§ **Captioned web image data**:

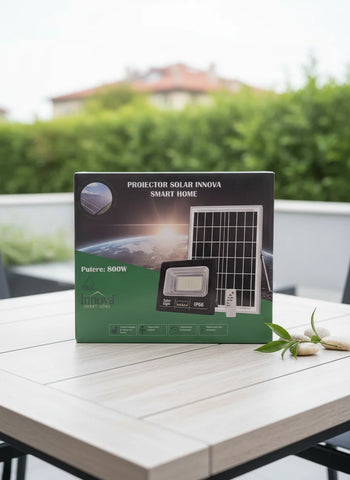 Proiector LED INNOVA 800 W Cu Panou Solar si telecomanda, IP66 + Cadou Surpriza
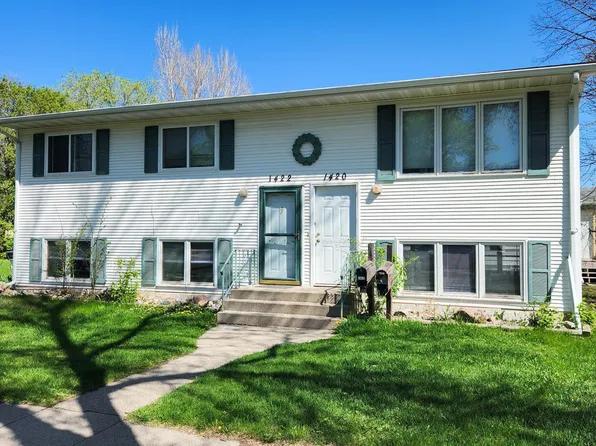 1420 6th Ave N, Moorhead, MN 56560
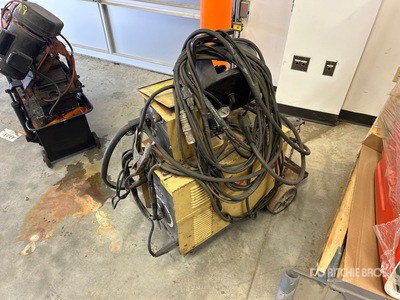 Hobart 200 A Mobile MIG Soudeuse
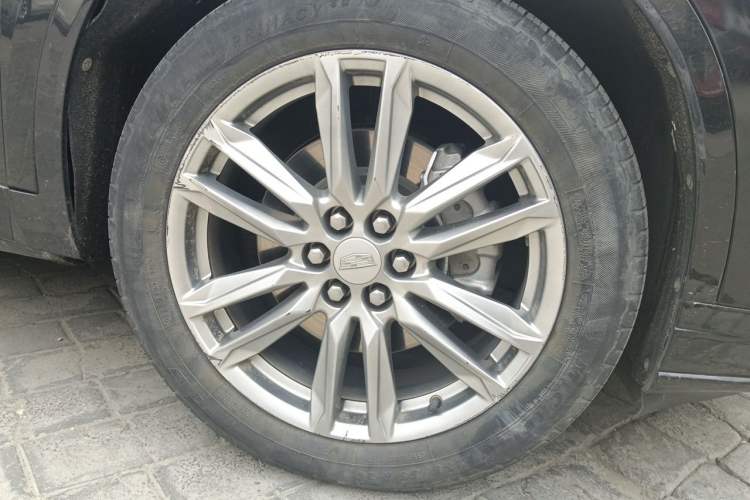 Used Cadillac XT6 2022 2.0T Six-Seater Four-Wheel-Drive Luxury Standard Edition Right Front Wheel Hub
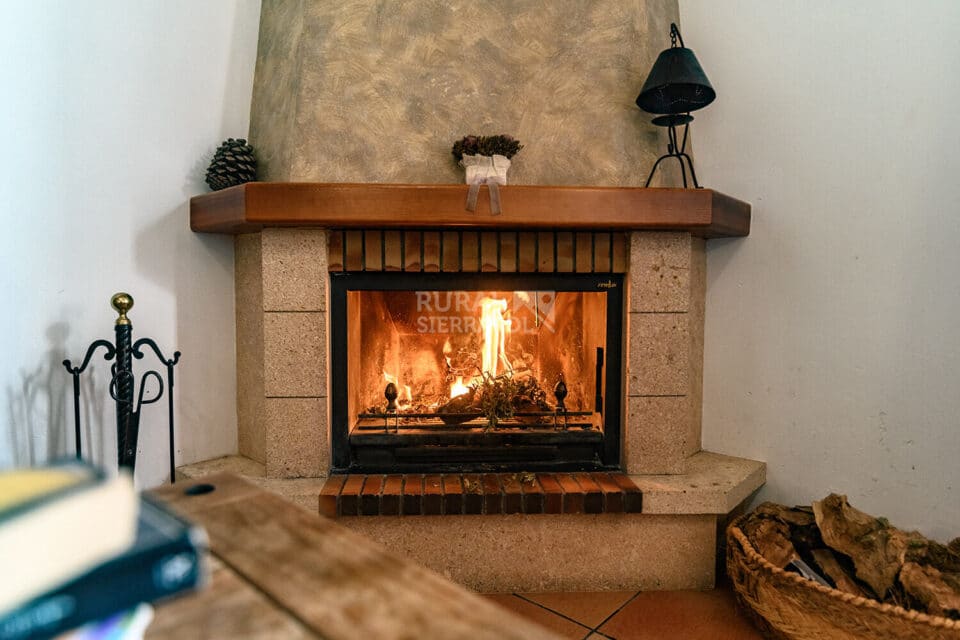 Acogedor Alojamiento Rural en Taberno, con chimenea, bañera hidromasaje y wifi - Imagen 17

§ **Exercise details**: Reproduce exactly the part of the records above that begins at the line holding "1420 6th Ave N, Moorhead, MN 56560" and ends at the final line, both included, leaving out the pictures.

§ **Output for this task**:
 1420 6th Ave N, Moorhead, MN 56560
 Hobart 200 A Mobile MIG Soudeuse
 Used Cadillac XT6 2022 2.0T Six-Seater Four-Wheel-Drive Luxury Standard Edition Right Front Wheel Hub
 Acogedor Alojamiento Rural en Taberno, con chimenea, bañera hidromasaje y wifi - Imagen 17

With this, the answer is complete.